Chapter 2: Environmental History: An Overview
2-1 Cultural Changes and the Environment
Main Changes-
Agricultural
Revolution Industrial Revolution
Information and Globalization Revolution
Damage-
More energy and power to change and alter plant to meet our basic needs
Allowed expansion of human population (at expense of other populations), mostly because of increased food supplies and longer life spans.
Increased environmental impact because of resource use, pollution, and environmental degradation.
Hunter-gatherers had little impact on environment because
Small populations
Low technology
Low basic needs (little demand on environment to provide)
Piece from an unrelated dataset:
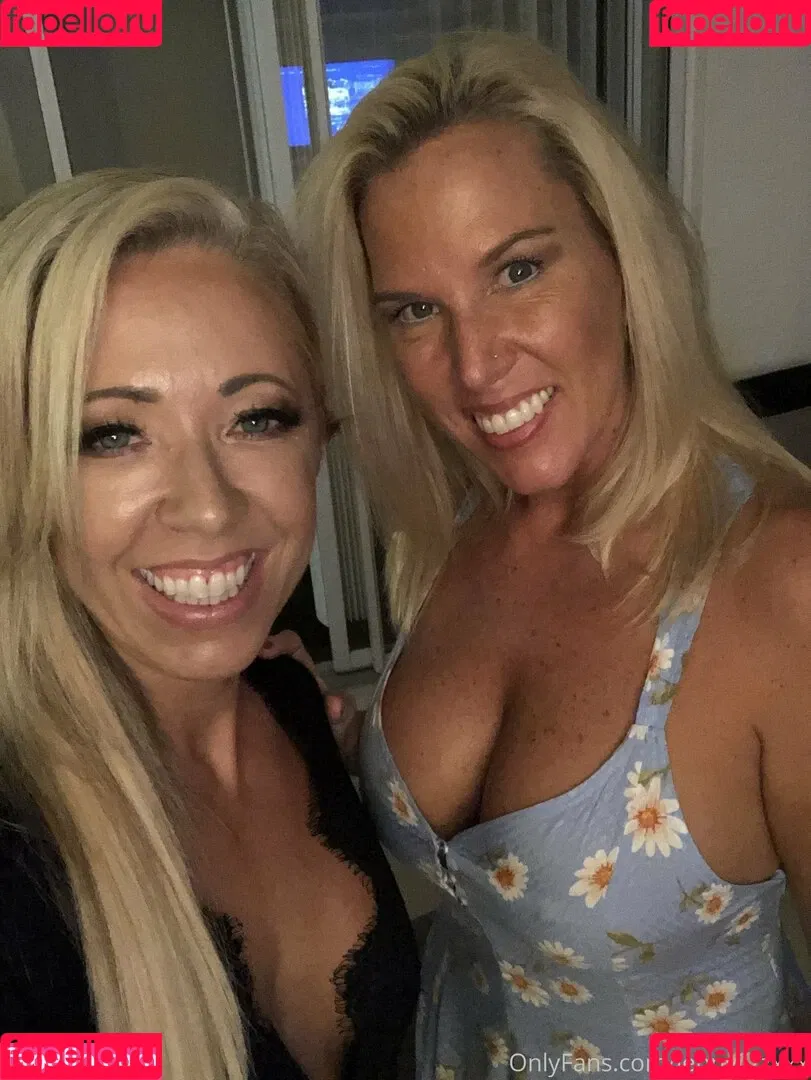jennyjizzxxx Onlyfans Photo Gallery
Agricultural Recolution-10,000- 12,000 years ago
Early ways of agriculture
Slash-and-burn cultivation- Cutting down trees and other vegetation in a patch of forest, leaving the cut vegetation on the ground to dry, and then burning it. The ashes that are left add nutrients to the nutrient-poor soils found in most tropical forest areas. Plots must be abandoned after a few years (typically 2-5 years)
Shifting cultivation- Clearing a plot of ground in a forest, especially in tropical areas, and planting crops on it for a few years (typically 2-5 years) until the soil is depleted of nutrients or the plot has been invaded by a dense growth of vegetation from the surrounding forest.
Takes 10- 30 years to return to normal.
Industrial Revolution- mid-1700s spread to the US in the 1800s
Shift from renewable wood resource and flowing water to dependence on machines running on nonrenewable fossil fuels (first coal, later oil and nature gas)
Reduced need for farmers
Information and Globalization Revolution- now
New technologies have increased the rapid exchange of information on a global scale.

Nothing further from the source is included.